Last minute I decided to add cubed tofu. I liked how it helped cool down the pipping hot soup and the tofu cubes remained intact.

Tofu and beans add some protein

I’m not sure where I came up with the idea to top the soup with cheese and olives, but it was the perfect addition.

I topped it with olives and cheese for a unique twist

I made my breakfast, lunch, and dinner before work this morning. Dinner was ready when I got home.

I love slow-cooker cookin'

I fill up the slow cooker to the brim, so there’s always leftovers.

I'm looking forward to more of this soup tomorrow

Mulligatawny Soup


  • 1 sweet potato
  • 2 gala apples
  • 15.5 oz can Great Northern beans (Publix)
  • 4 cloves garlic
  • 1/2 sweet onion
  • 1 stalk celery
  • 14.5 oz can diced tomatoes (Del Monte, organic)
  • 32 oz 100% natural vegetable broth (Swanson, Certified Organic)
  • 1/3 cup instant whole grain brown rice (Publix)
  • 1 tsp ground cumin
  • 1 Tbsp curry powder
  • 1/4 tsp ginger powder
  • 1/4 tsp dill weed
  • 14 oz extra firm tofu (NaSoya TofuPlus)
  • 6 oz can medium black olives (Lindsay Naturals, optional)
  • 2″ hard cheese (BellaVitano, Reserve balsamic cheese, optional)


  1. Chop sweet potato. Core apple and chop. Rinse and drain beans. Peel and mince garlic. Chop onion. Cut base off celery and discard; chop celery and leaves. Add all ingredients to CrockPot along with entire can of diced tomatoes, vegetable broth, rice, cumin, curry, ginger, and dill. Place lid on pot. Set on low heat. Cook for ~12 hours.
  2. Drain tofu. Cut tofu in half horizontally and cut into large rectangles. Stir into soup. Drain olives. Shave cheese with a knife. Top soup with olives and cheese, if desired. Enjoy!

Serves: 6

  • Nutrition note: Use fruit (as a substitute for sugar) to add sweetness to a main dish. You’ll also be adding some vitamins, minerals, and fiber.

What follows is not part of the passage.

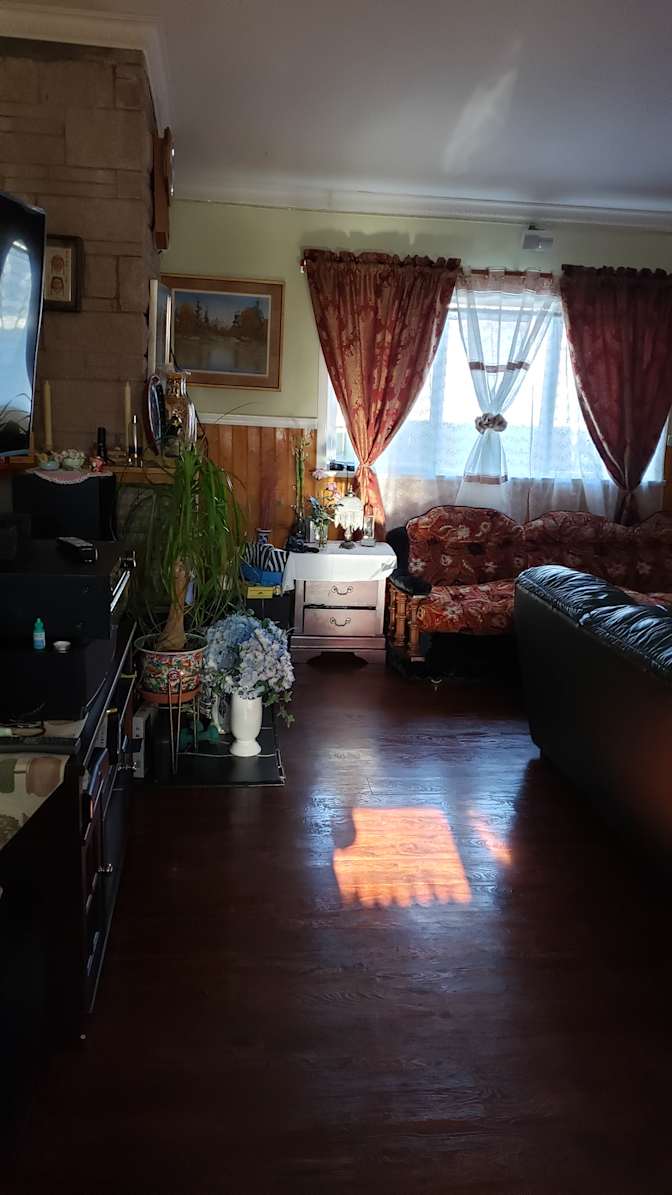 Photo of oscar desiderio's room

Roasted Broccoli with Shaved Cheese February 20, 2012

Jamie says: I love roasted broccoli. I actually crave it sometimes. It’s nothing like the boiled broccoli you get at most restaurants. It’s a whole new experience you’ve got to try…

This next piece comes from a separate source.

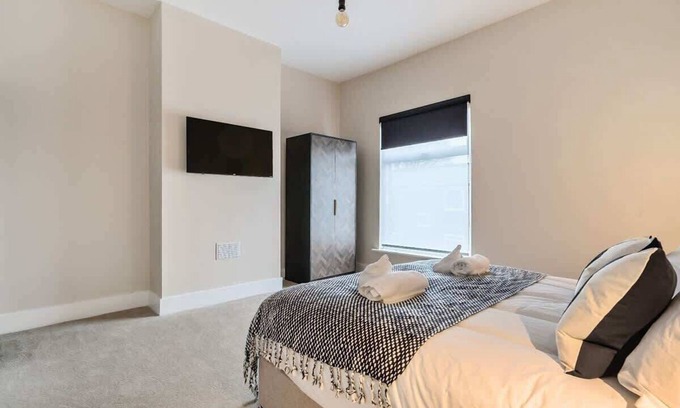 Manchester House | Stylish Home in Manchester - Free Parking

Roasted Broccoli with Shaved Cheese

The shavings of balsamic cheese add bursts of flavor.One bite of this, and you’ll never go back to plain ol’ broccoli.

Roasted broccoli tastes amazing- nothing like boiled broccoli

Roasted Broccoli with Shaved Cheese


  • 4 heads (1 package) of broccoli
  • 3 Tbsp extra virgin olive oil
  • 1/8 tsp sea salt (fine)
  • dash freshly ground pepper
  • 1″ cube balsamic cheese (BellaVitano, Reserve)

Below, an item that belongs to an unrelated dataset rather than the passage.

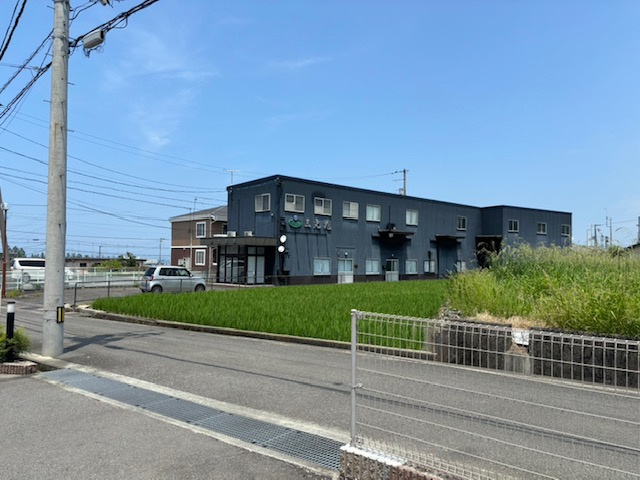 四国中央市中之庄町　元葬儀場の外観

  1. Preheat oven to 375°F. Chop stems off broccoli and discard. Cut florets off and place on a baking pan. Drizzle extra virgin olive oil on top. Add sea salt and freshly ground pepper. Toss to coat. Bake for 35 minutes or until lightly brown and crispy.
  2. Use a knife to shave cheese. Place on top of roasted broccoli. Enjoy!

Serves: 2-4

  • Nutrition note: Vitamin C isn’t only in citrus. Broccoli is a good source of this vitamin, too.